I asked Anglican theologian, J. I. Packer, what he thought of the Lordship Salvation Controversy, “You can’t have half of Jesus, Jesus is both Lord and Christ (i.e., Savior).” Dr. Packer was quoting from Peter’s sermon in Acts 2, “Let all the house of Israel therefore know for certain that God has made him both Lord and Christ, this Jesus whom you crucified” (v.36) [emphasis mine].

Lordship of Christ means joyfully bowing to God’s will without hesitation or reservation while doing without question the Holy Spirit’s desire, direction, and purpose.

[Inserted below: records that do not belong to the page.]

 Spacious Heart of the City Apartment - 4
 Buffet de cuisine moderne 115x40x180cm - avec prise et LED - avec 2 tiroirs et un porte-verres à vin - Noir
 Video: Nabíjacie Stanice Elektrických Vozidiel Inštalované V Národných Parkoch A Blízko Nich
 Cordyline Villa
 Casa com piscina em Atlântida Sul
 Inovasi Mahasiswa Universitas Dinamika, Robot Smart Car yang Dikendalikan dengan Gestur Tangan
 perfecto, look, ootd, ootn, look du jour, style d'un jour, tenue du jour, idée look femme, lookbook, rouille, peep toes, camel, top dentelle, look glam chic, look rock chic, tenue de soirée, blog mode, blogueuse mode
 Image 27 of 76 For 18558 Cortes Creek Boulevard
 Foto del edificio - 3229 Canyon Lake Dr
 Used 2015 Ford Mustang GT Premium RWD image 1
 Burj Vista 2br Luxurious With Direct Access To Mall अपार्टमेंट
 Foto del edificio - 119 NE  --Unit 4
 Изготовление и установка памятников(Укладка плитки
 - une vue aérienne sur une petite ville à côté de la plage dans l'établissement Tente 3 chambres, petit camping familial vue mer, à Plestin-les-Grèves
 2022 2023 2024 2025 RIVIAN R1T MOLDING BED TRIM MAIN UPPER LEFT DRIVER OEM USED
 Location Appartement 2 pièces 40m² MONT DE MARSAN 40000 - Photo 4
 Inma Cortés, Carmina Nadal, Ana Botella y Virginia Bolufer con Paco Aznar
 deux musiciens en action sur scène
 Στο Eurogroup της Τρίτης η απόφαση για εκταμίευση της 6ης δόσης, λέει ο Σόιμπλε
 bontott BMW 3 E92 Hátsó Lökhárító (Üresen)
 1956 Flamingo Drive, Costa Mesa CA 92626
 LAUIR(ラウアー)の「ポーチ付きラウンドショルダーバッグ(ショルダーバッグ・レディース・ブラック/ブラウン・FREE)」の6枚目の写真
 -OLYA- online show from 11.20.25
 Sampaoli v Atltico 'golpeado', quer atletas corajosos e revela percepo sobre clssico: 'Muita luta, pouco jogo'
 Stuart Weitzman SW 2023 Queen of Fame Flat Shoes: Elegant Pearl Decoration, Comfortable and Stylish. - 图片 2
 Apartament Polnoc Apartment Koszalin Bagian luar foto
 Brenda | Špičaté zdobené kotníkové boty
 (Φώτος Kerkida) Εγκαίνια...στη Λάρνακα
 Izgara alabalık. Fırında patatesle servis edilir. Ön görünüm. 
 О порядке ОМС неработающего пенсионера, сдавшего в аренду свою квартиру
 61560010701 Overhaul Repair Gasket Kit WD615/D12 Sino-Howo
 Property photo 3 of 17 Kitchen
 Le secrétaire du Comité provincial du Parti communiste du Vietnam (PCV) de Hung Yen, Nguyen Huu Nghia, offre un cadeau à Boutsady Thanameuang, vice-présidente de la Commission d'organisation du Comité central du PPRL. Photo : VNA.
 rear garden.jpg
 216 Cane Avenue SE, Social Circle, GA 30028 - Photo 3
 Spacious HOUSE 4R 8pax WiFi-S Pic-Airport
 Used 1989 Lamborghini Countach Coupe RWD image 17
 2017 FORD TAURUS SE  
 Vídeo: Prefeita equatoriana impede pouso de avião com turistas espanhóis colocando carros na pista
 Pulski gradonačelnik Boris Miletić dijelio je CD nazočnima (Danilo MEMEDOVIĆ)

Lordship means allowing Jesus to have his way in us no matter our fears, hesitations, anxieties, or doubts. Lordship means following the Lamb wherever he goes.

It is not logical or reasonable to speak of Him as Lord, and then to disobey him, because His Lordship implies an unquestioning bowing down to His will, and unhesitating and an unquestioning doing of His will.

Francis W. Dixon, “The Lordship of Christ,” Daily Thoughts from Keswick: A Year’s Daily Readings, ed. Herbert F. Stevenson (London: Hodder and Stoughton, 1980), 261.

There are not two Christs–an easygoing one for easygoing Christians, and a suffering, toiling one for exceptional believers. There is only one Christ. Fruit-bearing involves Cross-bearing.

J. Hudson Taylor

God’s Power Is Available Power

Friday, February 10th, 2012

But you will receive power when the Holy Spirit has come upon you.

Acts 1:8

On this blog, I have shared my experiences of fresh fillings of the Holy Spirit. I can say without hesitation and equivocation that without these very personal and deeply intimate encounters with the Holy Spirit, I would not have stayed in Christian ministry for over thirty years. Ministry is a hard-fought, supernatural battle: preaching the gospel, encouraging others to trust Christ, standing against Satan’s schemes, etc. I need, we all need, God’s power to see hearts changed, souls encouraged, and Satan defeated.

Ministry requires that we walk in supernatural power to fight and win a supernatural war. Our Heavenly Father gives us spiritual tools and supernatural weapons for the battle—the spiritual gifts.  These weapons are concrete expressions of grace, charismata, which enable and empower us as believers to do the words and perform the works of Jesus. This power, God’s power, is available to everyone of us, all need to do is ask (Luke 11:13).

God’s power is available power. We are supernatural people, born again by a supernatural birth, kept by a supernatural power, sustained on supernatural food, taught by the supernatural Teacher from a supernatural Book. We are led by a supernatural Captain in right paths to assured victories.

J. Hudson Taylor, Hudson Taylor on Spiritual Secrets: A 30 Day Devotional Treasury, compiled by Lance Wubbels (Lynnwood, WA: Emerald Books, 1998), Day 2.